Wo es einen guten Schluck galt, war auch Theodor Etzel zu finden. Durch sein Fabelbuch, das er kurz zuvor mit Hanns Heinz Ewers herausgegeben hatte, war er über Nacht zu einem literarischen Namen gekommen. Die »Überbrettl« von Wolzogen und Zickel erheiterten Abend für Abend ihr Publikum aus der Sammlung, die in teilweise ausgezeichneten Versen in der Form von Tierfabeln die konventionelle Moral mit satirischen Anrempelungen übergoß. Etzel hatte sich mit einer Freundin in Friedrichshagen angesiedelt und sonnte seinen jungen Ruhm an den Ufern des Müggelsees. Dieser Ruhm brachte ihm die Anstellung als Schriftleiter einer Revue ein, die Fröhliche Kunst hieß und eine Art Vorläufer der heutigen Magazine war. Ich führte in diesem Organ den Schüttelreim als poetische Spezialität in die deutsche Literatur ein und erhielt außerdem den Briefkasten der Redaktion für fingierte Antworten zugewiesen. Da erschienen denn Belehrungen wie diese: »Sie täuschen sich: Muskat ist kein Kartenspiel, sondern ein Obst.« Als ich aber einmal den Verleger der Fröhlichen Kunst in einer ruchlosen Anzapfung bei den Lesern denunzierte, weil er dauernd das Honorar schuldig blieb, wurde mir das Amt des Briefkastenonkels schleunigst entzogen. Auch der Chefredakteur Etzel kriegte kein Gehalt, und als der Weihnachtsabend da war, saßen wir zu dritt bei ihm auf der Bude, ohne einen Bissen im Magen und recht kläglich bei Laune. Das Mädel heulte schrecklich, weil nicht einmal ein kleiner Weihnachtsbaum auf dem Tisch stand, und so holten wir denn aus dem nahen Walde einen Föhrenzweig, der in einen Lampenzylinder gepreßt und alsdann in einem Stiefel auf den Tisch gestellt wurde. Da dieser Zynismus die Tränenflut nur noch heftiger entfesselte, beschlossen wir, die Weihe einer Familienfeier zu stören und zu sehen, ob wir nicht wenigstens zu einem Abendbrot kämen.

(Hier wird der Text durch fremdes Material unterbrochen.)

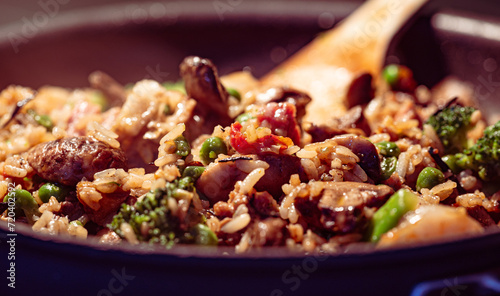 Close-up of a cooking pan featuring a freshly prepared dish of fried rice with mushrooms, green peas, and broccoli.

Um neun Uhr abends drangen wir bei Bölsche ein und erläuterten die Situation. Was uns Frau Bölsche an diesem Heiligen Abend an Braten, Äpfeln, Pfefferkuchen, Bowle und anderen Genüssen eingeflößt hat, läßt sich nicht schildern. Ein goldenes Zwanzigmarkstück setzte uns überdies in die Lage, noch mit der ganzen Friedrichshagener Kolonie beider Fakultäten in der Klause weiterzufeiern, bis wir am Vormittag des ersten Feiertags ins Bett sanken.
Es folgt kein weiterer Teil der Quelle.